Data extracts ▸
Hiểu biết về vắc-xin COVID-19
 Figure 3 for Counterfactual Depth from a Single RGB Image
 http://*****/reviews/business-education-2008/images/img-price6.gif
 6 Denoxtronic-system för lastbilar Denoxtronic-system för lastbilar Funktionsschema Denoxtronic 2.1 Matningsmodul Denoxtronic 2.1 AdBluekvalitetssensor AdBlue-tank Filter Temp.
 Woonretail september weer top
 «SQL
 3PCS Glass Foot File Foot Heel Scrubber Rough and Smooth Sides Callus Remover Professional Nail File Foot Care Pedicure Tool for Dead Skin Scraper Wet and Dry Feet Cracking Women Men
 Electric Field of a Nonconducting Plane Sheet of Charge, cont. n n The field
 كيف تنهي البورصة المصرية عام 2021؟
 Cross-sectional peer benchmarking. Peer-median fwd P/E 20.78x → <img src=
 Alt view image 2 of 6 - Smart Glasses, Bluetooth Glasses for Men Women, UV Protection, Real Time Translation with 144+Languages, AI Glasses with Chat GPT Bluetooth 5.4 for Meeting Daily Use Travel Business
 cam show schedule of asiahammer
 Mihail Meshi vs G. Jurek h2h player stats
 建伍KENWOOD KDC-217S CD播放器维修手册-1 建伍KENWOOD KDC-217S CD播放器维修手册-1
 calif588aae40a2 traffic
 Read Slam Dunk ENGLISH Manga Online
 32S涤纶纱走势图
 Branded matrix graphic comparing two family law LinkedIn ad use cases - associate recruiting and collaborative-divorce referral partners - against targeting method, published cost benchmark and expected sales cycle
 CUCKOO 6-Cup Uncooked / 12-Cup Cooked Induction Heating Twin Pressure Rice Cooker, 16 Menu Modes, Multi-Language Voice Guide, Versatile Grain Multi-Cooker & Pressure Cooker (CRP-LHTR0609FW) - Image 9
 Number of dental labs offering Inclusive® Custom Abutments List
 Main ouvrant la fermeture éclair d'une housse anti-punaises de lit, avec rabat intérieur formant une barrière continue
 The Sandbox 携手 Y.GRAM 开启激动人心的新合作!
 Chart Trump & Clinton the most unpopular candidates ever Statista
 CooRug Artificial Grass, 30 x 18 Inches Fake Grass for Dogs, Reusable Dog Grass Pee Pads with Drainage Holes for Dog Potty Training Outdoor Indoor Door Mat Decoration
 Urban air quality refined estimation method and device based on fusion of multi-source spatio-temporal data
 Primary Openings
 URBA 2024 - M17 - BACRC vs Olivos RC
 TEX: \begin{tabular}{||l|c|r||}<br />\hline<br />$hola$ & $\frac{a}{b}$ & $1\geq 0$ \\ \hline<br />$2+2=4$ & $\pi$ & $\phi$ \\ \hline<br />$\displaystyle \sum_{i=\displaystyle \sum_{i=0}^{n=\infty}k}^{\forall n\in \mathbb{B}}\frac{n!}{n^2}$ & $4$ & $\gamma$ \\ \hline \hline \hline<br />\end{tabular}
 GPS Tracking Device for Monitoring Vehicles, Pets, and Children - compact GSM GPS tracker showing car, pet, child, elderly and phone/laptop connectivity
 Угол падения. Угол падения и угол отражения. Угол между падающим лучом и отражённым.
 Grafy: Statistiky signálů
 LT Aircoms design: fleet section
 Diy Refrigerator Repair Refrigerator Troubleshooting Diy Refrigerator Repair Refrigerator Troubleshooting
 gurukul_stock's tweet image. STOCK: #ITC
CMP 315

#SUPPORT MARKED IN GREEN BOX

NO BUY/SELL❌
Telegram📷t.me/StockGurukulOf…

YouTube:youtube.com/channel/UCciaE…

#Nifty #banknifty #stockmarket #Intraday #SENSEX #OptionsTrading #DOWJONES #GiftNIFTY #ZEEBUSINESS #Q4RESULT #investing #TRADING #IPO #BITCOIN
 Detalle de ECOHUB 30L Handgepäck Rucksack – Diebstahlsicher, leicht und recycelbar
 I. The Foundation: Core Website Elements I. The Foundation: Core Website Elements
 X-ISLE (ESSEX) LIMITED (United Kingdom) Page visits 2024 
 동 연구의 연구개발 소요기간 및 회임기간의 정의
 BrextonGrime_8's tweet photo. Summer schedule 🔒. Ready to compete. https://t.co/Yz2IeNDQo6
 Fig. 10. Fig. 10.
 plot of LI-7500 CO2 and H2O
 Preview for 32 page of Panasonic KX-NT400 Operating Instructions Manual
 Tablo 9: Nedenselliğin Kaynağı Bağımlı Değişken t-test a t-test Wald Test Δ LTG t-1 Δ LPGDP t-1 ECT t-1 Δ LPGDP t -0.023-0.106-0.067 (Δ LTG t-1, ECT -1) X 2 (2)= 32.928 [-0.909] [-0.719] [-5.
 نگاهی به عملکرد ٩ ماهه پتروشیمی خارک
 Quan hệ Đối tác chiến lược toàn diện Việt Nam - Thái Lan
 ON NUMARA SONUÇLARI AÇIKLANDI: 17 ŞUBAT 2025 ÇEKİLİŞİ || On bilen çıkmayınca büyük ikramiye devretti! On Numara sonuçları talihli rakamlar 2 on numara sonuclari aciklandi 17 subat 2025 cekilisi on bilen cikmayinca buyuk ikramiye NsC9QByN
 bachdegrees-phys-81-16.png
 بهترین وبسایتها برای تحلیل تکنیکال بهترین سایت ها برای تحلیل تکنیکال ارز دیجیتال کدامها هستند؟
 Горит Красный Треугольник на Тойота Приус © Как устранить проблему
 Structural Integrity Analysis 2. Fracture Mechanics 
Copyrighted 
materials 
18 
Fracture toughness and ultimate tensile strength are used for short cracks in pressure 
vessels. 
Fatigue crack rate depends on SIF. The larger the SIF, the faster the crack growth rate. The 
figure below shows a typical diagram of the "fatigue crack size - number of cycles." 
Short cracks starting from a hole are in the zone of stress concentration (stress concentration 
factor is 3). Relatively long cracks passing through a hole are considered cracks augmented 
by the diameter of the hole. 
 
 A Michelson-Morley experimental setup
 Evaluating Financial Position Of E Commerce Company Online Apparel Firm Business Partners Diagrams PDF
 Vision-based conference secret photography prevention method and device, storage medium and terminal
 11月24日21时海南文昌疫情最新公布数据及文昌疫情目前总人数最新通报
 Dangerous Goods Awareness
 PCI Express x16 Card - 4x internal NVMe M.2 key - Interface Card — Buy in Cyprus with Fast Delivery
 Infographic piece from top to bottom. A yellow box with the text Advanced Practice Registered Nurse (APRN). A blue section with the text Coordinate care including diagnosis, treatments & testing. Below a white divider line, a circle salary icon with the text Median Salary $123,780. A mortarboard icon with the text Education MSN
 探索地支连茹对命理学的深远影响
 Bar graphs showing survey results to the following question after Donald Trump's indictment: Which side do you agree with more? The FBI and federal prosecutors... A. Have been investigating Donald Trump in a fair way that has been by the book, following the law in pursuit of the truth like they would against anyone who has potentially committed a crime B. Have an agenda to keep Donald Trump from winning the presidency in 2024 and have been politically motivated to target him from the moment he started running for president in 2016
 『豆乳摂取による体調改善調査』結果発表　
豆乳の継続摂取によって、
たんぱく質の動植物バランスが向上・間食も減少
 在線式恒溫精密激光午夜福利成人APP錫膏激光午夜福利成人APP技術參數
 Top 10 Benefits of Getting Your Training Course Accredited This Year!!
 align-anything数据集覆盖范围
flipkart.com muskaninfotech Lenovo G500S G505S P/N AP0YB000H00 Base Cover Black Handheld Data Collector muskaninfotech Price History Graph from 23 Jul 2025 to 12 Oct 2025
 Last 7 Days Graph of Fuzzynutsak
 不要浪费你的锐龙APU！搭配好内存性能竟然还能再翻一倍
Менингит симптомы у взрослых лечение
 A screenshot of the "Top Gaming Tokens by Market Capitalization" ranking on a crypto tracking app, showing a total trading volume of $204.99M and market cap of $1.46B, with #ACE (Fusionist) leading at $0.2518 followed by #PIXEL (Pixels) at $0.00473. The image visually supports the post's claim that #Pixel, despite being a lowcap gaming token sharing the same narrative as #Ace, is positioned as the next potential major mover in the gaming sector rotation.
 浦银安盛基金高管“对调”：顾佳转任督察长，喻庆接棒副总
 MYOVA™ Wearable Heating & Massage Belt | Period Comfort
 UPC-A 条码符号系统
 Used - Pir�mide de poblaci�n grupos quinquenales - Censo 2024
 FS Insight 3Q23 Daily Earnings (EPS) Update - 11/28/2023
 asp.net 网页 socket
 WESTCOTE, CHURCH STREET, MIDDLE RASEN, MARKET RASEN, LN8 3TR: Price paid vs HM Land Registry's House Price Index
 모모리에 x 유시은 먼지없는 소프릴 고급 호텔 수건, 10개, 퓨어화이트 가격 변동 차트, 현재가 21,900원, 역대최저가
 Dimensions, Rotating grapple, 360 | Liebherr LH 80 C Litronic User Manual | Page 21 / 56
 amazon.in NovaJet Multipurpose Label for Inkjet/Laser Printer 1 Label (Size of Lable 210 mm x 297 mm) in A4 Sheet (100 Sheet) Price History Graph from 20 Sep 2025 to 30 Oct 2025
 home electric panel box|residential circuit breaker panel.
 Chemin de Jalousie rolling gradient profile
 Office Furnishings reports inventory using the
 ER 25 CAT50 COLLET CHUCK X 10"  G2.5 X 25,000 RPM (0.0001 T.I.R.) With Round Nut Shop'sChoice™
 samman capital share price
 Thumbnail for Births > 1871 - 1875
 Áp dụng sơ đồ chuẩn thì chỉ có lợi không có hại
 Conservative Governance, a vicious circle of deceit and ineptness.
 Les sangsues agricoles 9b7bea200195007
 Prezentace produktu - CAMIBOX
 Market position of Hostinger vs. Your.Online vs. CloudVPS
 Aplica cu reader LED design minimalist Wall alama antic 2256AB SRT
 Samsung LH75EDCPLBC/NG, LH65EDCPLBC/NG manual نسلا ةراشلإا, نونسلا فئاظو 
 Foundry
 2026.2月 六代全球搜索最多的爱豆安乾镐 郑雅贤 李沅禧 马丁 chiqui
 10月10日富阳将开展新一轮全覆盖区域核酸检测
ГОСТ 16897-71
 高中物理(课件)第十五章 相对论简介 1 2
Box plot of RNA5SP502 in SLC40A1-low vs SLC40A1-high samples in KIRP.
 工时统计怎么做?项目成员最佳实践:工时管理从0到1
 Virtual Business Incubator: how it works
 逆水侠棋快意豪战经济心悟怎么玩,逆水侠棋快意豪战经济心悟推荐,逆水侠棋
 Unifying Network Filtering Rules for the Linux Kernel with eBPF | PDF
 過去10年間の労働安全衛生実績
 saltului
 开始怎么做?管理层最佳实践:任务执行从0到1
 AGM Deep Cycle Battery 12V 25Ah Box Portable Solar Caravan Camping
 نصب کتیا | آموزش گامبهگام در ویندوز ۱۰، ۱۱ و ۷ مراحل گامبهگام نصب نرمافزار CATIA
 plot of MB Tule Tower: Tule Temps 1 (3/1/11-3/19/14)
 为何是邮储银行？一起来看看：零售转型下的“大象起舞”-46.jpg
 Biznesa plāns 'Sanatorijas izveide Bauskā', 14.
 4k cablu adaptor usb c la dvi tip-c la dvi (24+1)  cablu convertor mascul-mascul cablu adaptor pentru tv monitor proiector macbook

To do ▸ Using the entries shown above, reproduce verbatim the lines from the line bearing "CooRug Artificial Grass, 30" to the line bearing "Detalle de ECOHUB", inclusive.

Written response ▸
 CooRug Artificial Grass, 30 x 18 Inches Fake Grass for Dogs, Reusable Dog Grass Pee Pads with Drainage Holes for Dog Potty Training Outdoor Indoor Door Mat Decoration
 Urban air quality refined estimation method and device based on fusion of multi-source spatio-temporal data
 Primary Openings
 URBA 2024 - M17 - BACRC vs Olivos RC
 TEX: \begin{tabular}{||l|c|r||}<br />\hline<br />$hola$ & $\frac{a}{b}$ & $1\geq 0$ \\ \hline<br />$2+2=4$ & $\pi$ & $\phi$ \\ \hline<br />$\displaystyle \sum_{i=\displaystyle \sum_{i=0}^{n=\infty}k}^{\forall n\in \mathbb{B}}\frac{n!}{n^2}$ & $4$ & $\gamma$ \\ \hline \hline \hline<br />\end{tabular}
 GPS Tracking Device for Monitoring Vehicles, Pets, and Children - compact GSM GPS tracker showing car, pet, child, elderly and phone/laptop connectivity
 Угол падения. Угол падения и угол отражения. Угол между падающим лучом и отражённым.
 Grafy: Statistiky signálů
 LT Aircoms design: fleet section
 Diy Refrigerator Repair Refrigerator Troubleshooting Diy Refrigerator Repair Refrigerator Troubleshooting
 gurukul_stock's tweet image. STOCK: #ITC
CMP 315

#SUPPORT MARKED IN GREEN BOX

NO BUY/SELL❌
Telegram📷t.me/StockGurukulOf…

YouTube:youtube.com/channel/UCciaE…

#Nifty #banknifty #stockmarket #Intraday #SENSEX #OptionsTrading #DOWJONES #GiftNIFTY #ZEEBUSINESS #Q4RESULT #investing #TRADING #IPO #BITCOIN
 Detalle de ECOHUB 30L Handgepäck Rucksack – Diebstahlsicher, leicht und recycelbar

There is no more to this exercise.